[Opening Material provided section]
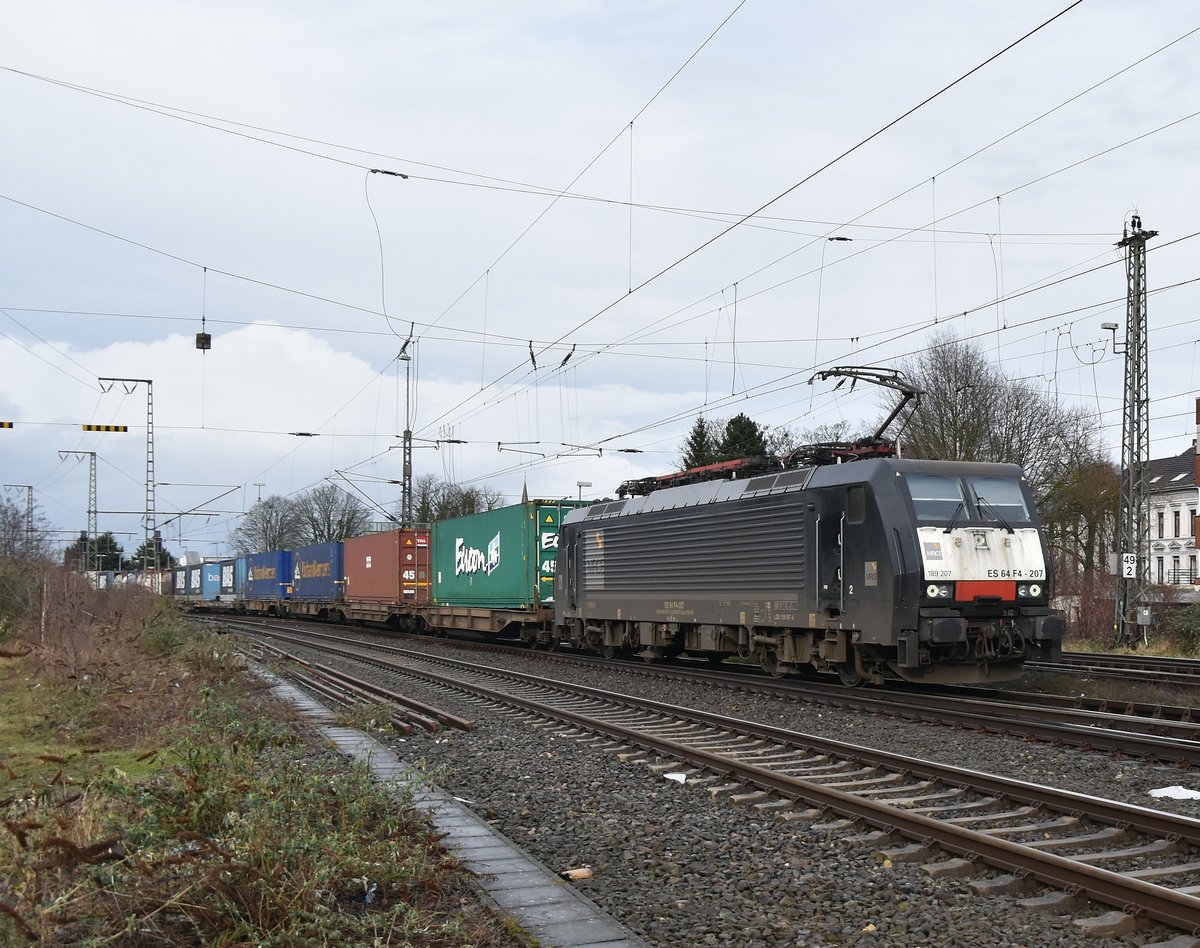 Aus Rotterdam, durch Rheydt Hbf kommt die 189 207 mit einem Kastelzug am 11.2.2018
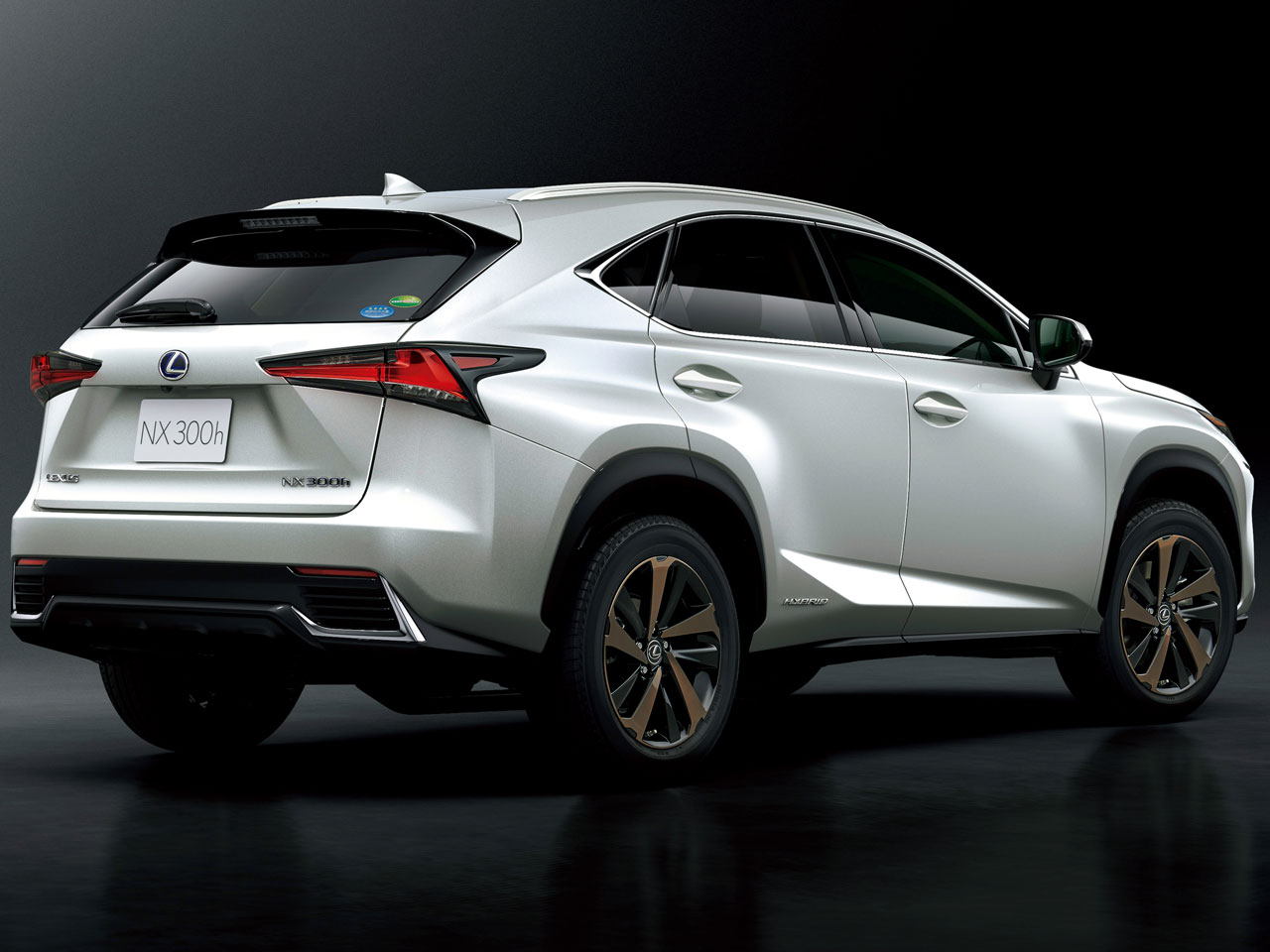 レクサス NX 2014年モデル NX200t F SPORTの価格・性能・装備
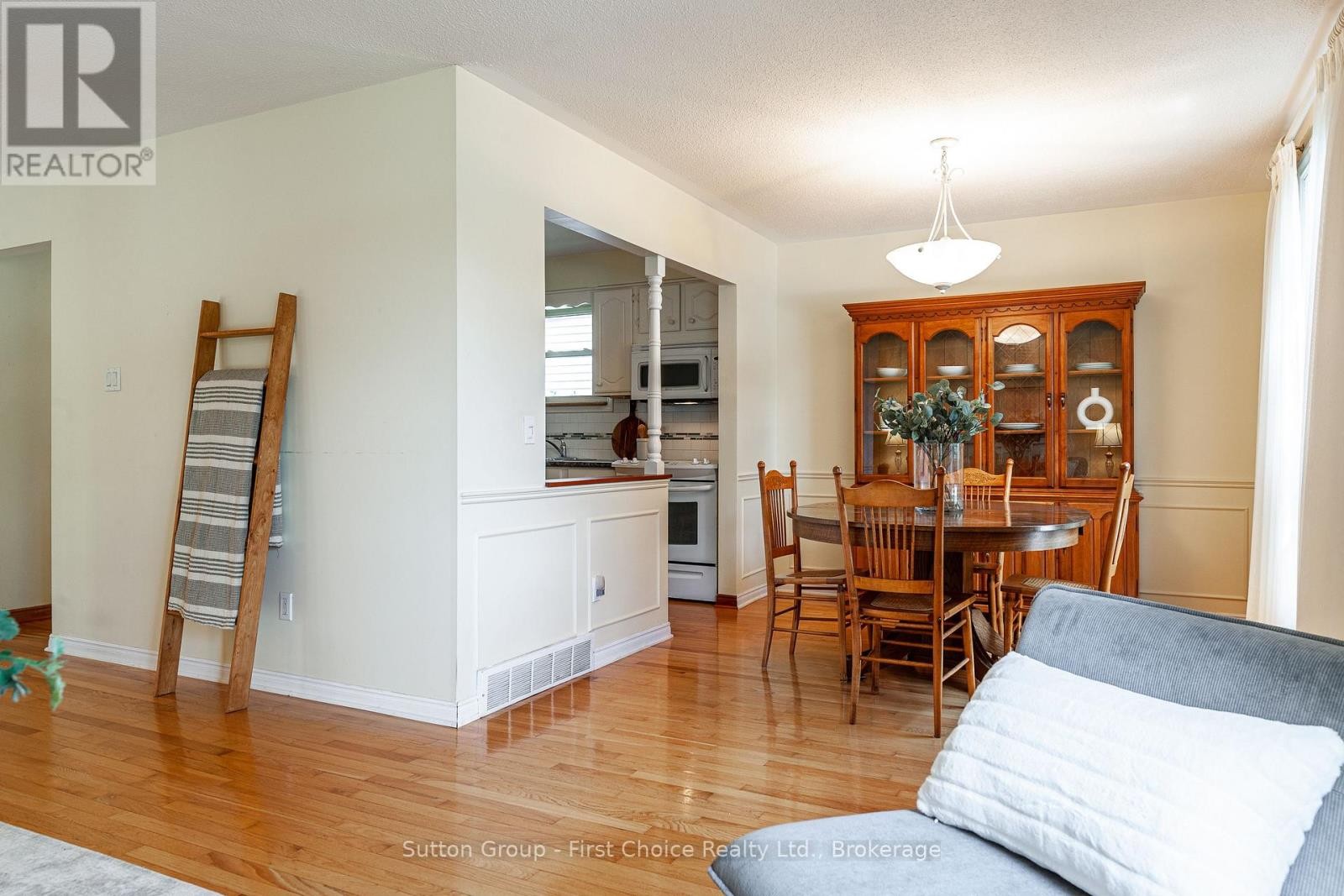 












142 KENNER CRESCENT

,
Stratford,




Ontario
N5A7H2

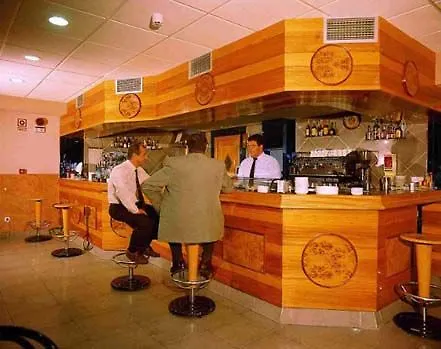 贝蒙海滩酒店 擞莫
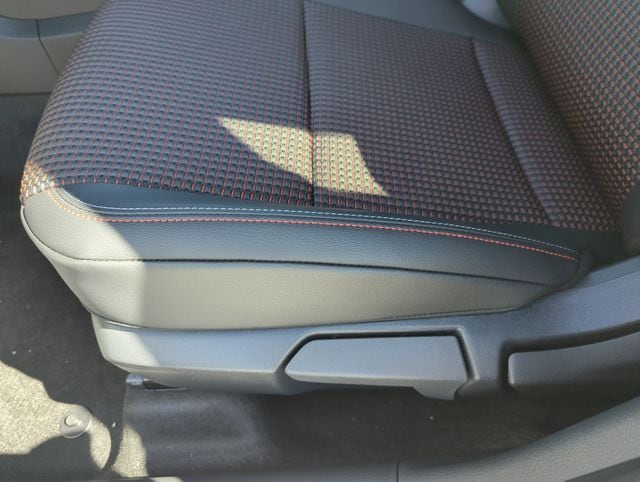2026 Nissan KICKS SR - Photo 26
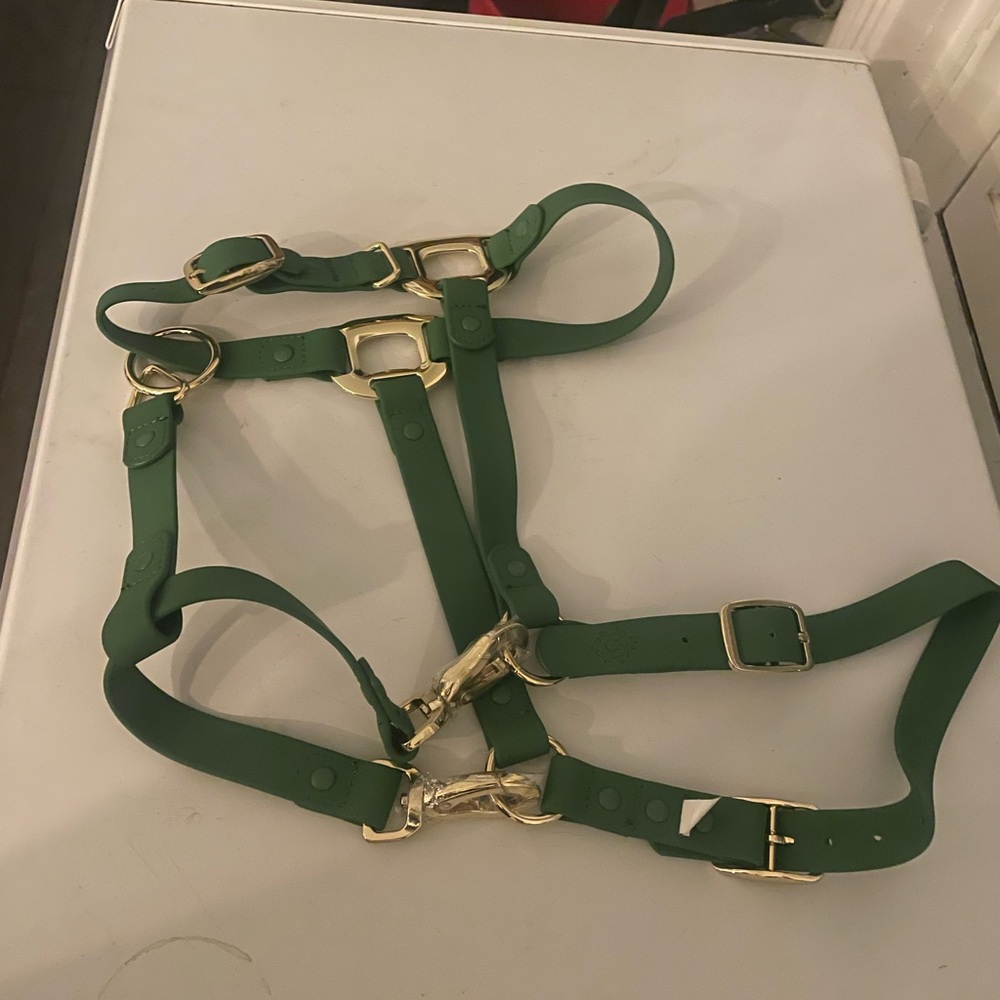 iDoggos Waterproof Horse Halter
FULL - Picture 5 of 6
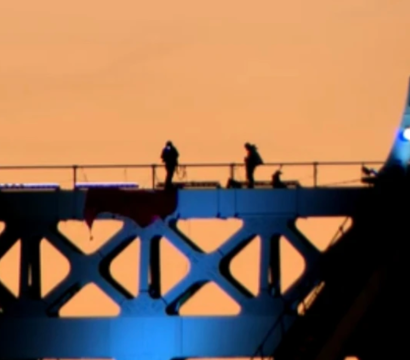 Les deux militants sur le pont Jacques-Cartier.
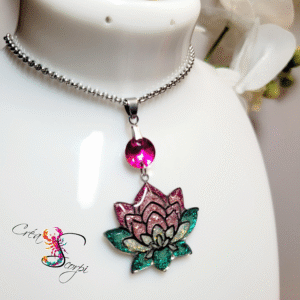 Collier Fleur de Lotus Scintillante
[Closing Material provided section]
### Task prompt
With the pictures excluded, retype exactly the lines from the one containing "iDoggos Waterproof Horse Halter" through the last line of the listing, both ends included.

### Expected answer
 iDoggos Waterproof Horse Halter
FULL - Picture 5 of 6
 Les deux militants sur le pont Jacques-Cartier.
 Collier Fleur de Lotus Scintillante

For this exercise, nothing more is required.